石鎚神社から少し下ったところに亀居八幡神社があります。

境内は広くこちらは社殿もあり、重要文化財に指定されている宝篋印塔があります。

説明が書かれていますがこの宝篋印塔、南北朝時代に南朝方として活躍した篠塚伊賀守(重広)の墓とする言い伝えがあったようですが調査の結果武将の墓ではなく納経供養のため鎌倉時代に建てられたものと認定されたようです。
神社から周回道路に戻り大木集落を目指します。小島が見えてきます。

大木集落は小さな集落で廃屋もあるようですが住んでいる方もいらっしゃるようです。
集落からさらにすすんで行くと集会所があります。

集会所に大木遺跡の説明が書かれています。具体的なことはわかっていないようですがこの集会所の山側に遺跡があったのではと考えられているようです。多くの遺物が発見されましたが大半は表面採集されたもので、地崩れとともに遺物が表面に流れ出た可能性が考えられているようです。
集会所を過ぎ歩いて行くとヘリポートでしょうか、Hの文字が書かれた広い場所があります。ヘリポート越しに出発点の篠塚集落が見えてきます。集落の中に入ります。

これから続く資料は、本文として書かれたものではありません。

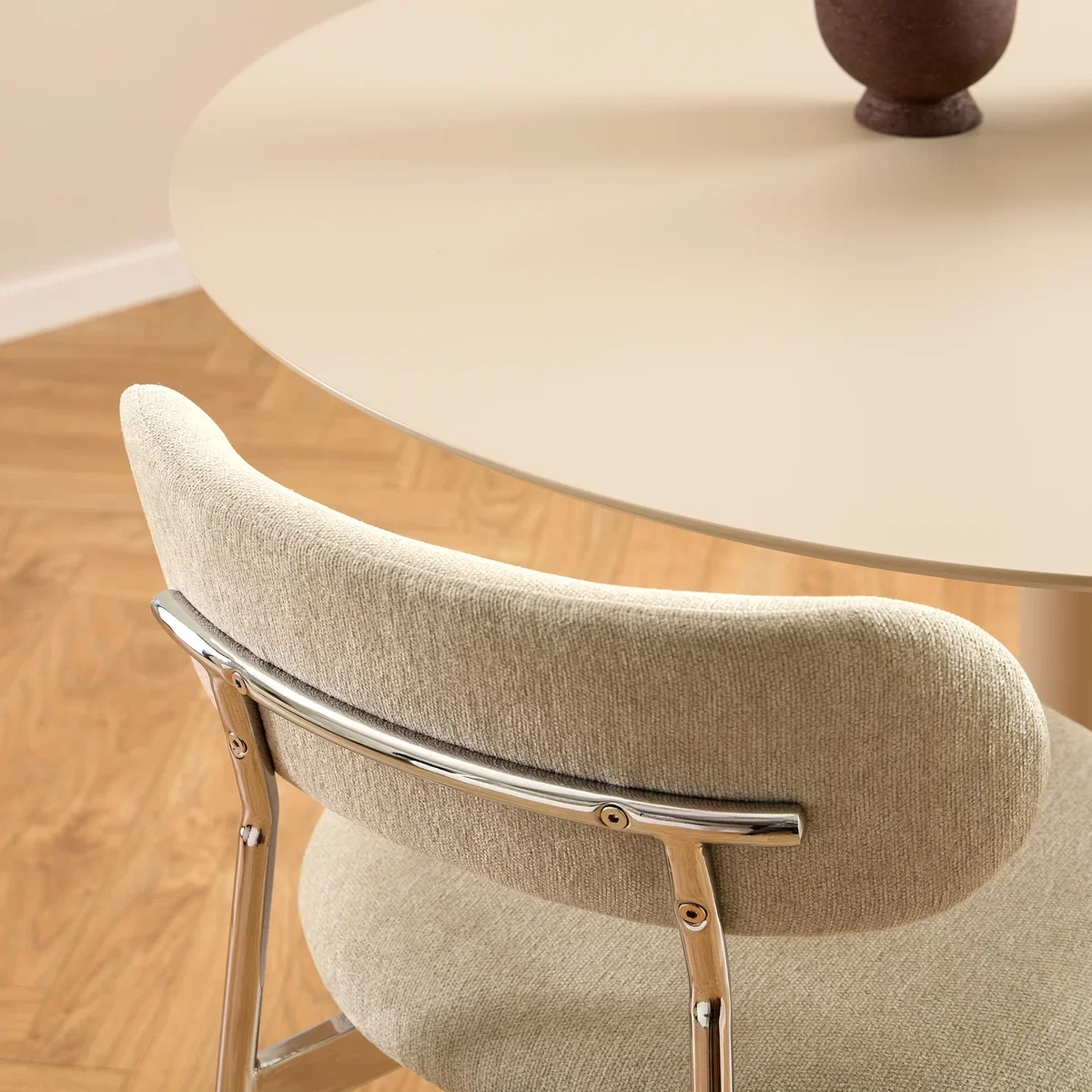 Lyric Dining Chair in Sand Fabric & Chrome Base (Set of 2) - Sand & Chrome – image 8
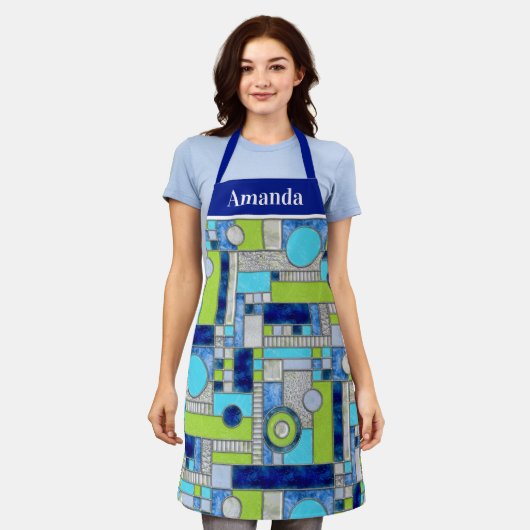 Blue Green Art Deco-Glas in lood Schort (Gedragen)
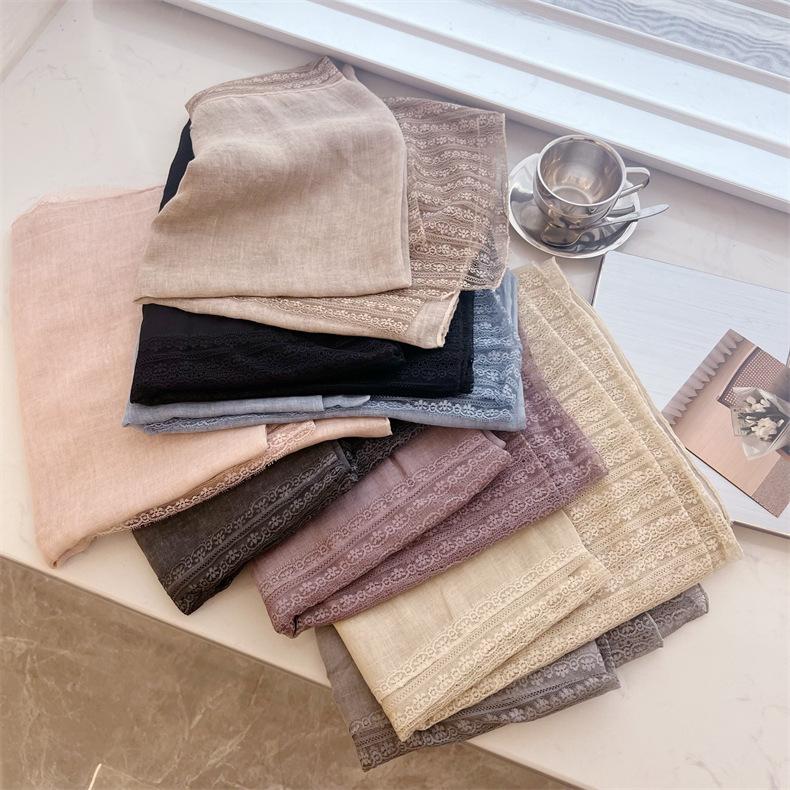 Korean Style Literary Linen Color Cotton Linen Thin Scarf Fashionable Women's Outer Shawl Spring and Summer Fashionable Solid Color Lace Scarf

集落では漁村風景が見られます。なんとなく懐かしい気分になるから不思議です。
山の手に寺があります。

道福寺という島唯一の寺だそうです。少し高い場所にあるので集落が見渡せます。
集落を散策した後は港に戻り行程を終了、帰路に着きます。小さな島なので3時間程度あれば歩いて一周できます。支所の隣に地域交流施設があり、船の待合室として利用できます。
観光センターが休業中なので宿泊できるところ、食事ができるところはないようです。日帰り、昼食の持参が基本になりますが、地域交流施設(待合室)に飲み物、スナック、パンを購入できる自動販売機があります。


愛媛県上島町の魚島を訪ねました。瀬戸内海のちょうど真ん中あたりに位置する島で、漁業中心の見るところも多くない島かと思います。近年「アート」を取り入れたりして観光客を増やそうとしている島もあるようですがそれもなく訪れる人はあまりいないようです。ただ逆にそれらがこの島の魅力といえ離島の雰囲気を多く感じられると思います。ゆったりとした島時間が流れる魚島を訪ねてみてはいかがでしょうか。(各種交通機関、各施設等の情報は公式HP等で最新のものをご確認ください。)